**Exercise directions:** What needs reproducing is the run of lines in the data below starting at the line with "5233 Forestville Road" and ending at the line with "İranın Türkiyədəki maliyyə", both ends included. Copy it exactly, without pictures, and add nothing.

**Material supplied:**

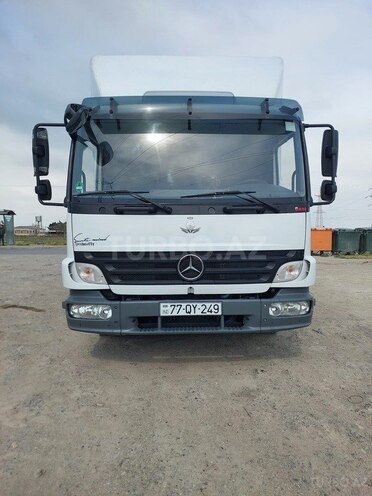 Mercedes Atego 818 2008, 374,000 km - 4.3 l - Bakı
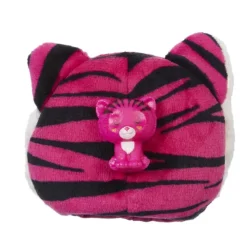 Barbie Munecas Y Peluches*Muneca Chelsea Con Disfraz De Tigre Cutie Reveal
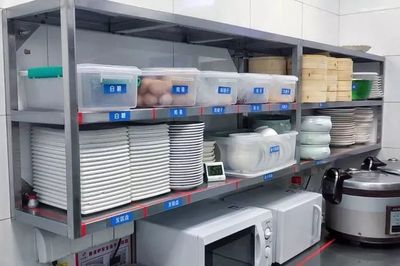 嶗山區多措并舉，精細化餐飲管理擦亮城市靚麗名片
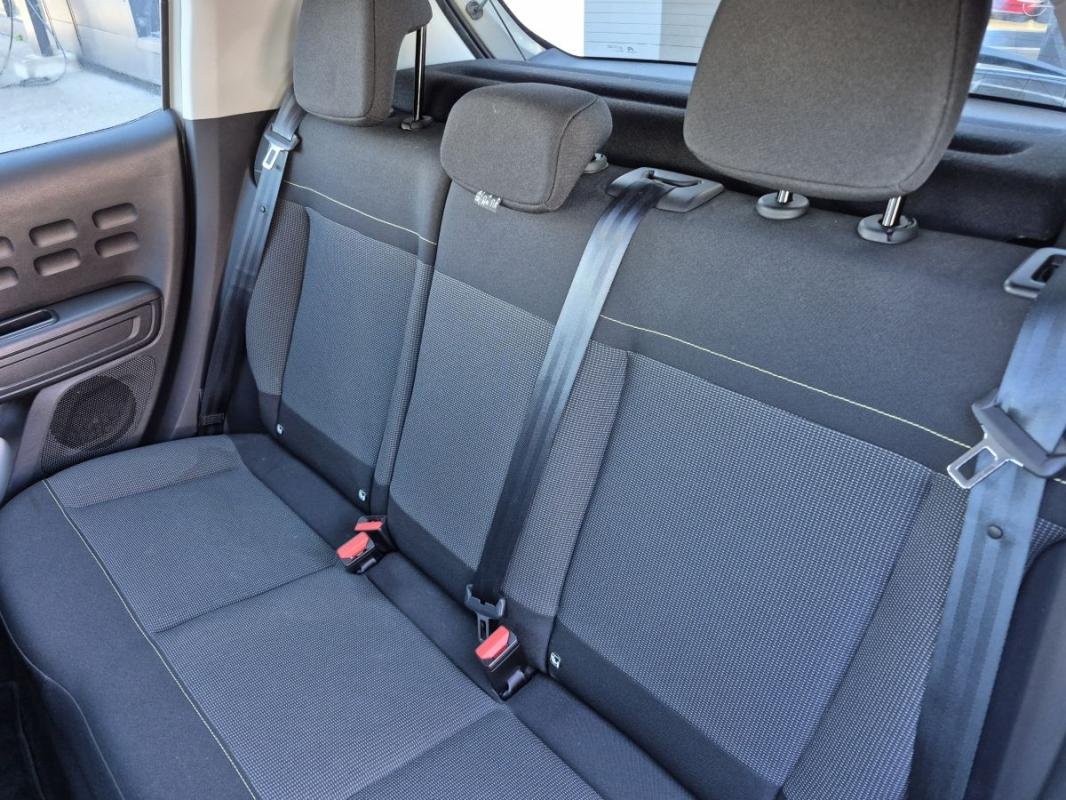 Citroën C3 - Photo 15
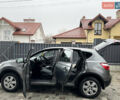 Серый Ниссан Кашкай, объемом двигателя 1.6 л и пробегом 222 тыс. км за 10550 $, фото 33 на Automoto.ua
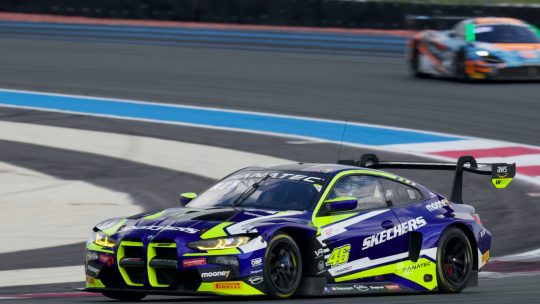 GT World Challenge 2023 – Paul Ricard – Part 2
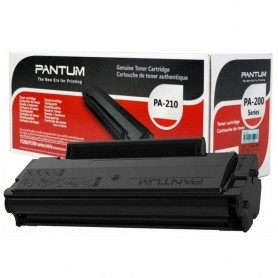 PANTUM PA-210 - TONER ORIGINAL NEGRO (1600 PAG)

...

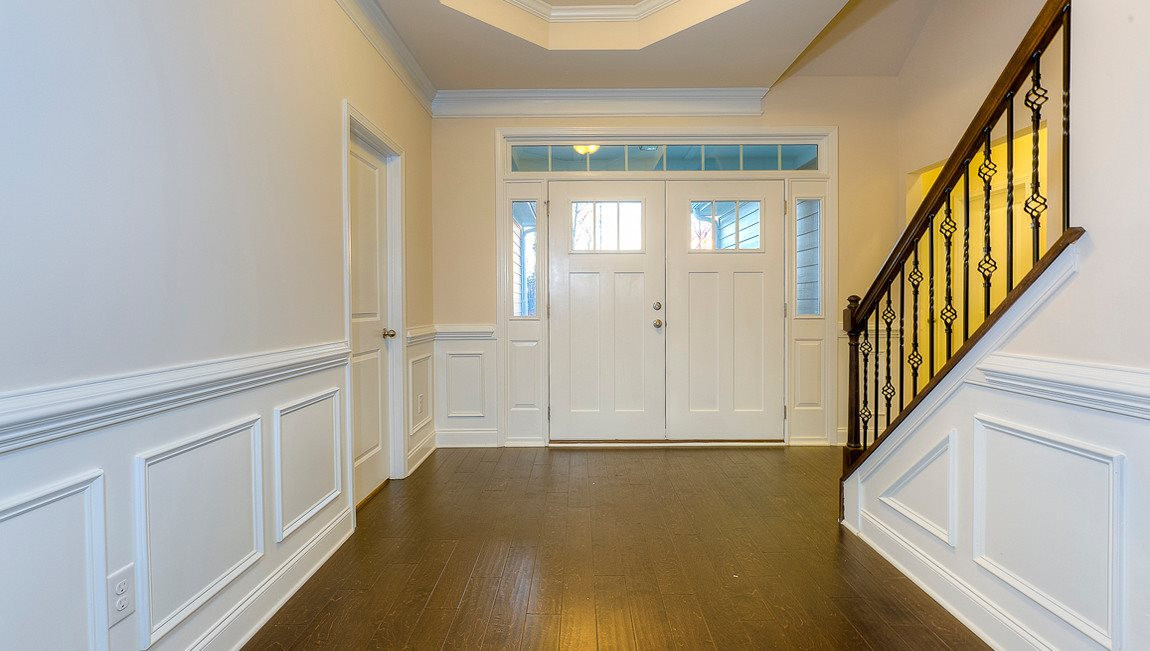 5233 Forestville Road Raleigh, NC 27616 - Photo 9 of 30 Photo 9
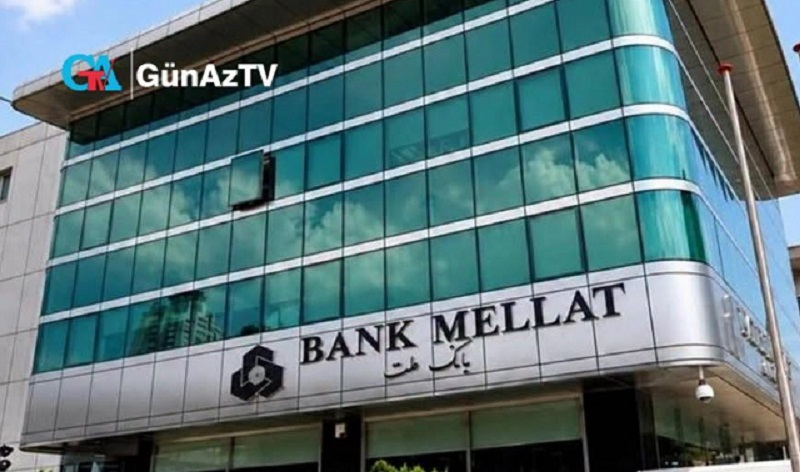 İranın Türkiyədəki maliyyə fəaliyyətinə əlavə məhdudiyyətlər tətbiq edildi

**Result:**
 5233 Forestville Road Raleigh, NC 27616 - Photo 9 of 30 Photo 9
 İranın Türkiyədəki maliyyə fəaliyyətinə əlavə məhdudiyyətlər tətbiq edildi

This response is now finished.